DIRECTIONS:
For the records below, give the number of lines that include the string "nice". Nothing else belongs in the answer.
━━━━━ SOURCE INFORMATION ━━━━━
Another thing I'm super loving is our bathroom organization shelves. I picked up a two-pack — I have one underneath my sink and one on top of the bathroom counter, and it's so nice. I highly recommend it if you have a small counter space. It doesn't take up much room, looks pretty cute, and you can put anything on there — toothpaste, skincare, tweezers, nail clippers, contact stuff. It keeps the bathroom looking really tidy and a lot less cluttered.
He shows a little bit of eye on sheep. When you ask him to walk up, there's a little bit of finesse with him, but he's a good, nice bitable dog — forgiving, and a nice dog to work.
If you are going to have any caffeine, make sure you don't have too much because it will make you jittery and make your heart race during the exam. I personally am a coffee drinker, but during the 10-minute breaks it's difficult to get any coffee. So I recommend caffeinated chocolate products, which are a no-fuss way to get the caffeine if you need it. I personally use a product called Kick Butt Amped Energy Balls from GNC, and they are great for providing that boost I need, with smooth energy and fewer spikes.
━━━━━
━━━━━ SOURCE INFORMATION ━━━━━
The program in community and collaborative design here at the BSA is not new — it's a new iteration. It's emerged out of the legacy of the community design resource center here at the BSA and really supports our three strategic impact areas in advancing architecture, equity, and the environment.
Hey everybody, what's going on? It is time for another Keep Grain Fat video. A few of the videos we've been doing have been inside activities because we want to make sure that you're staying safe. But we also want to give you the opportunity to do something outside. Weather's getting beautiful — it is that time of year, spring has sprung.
━━━━━
THE ANSWER:
2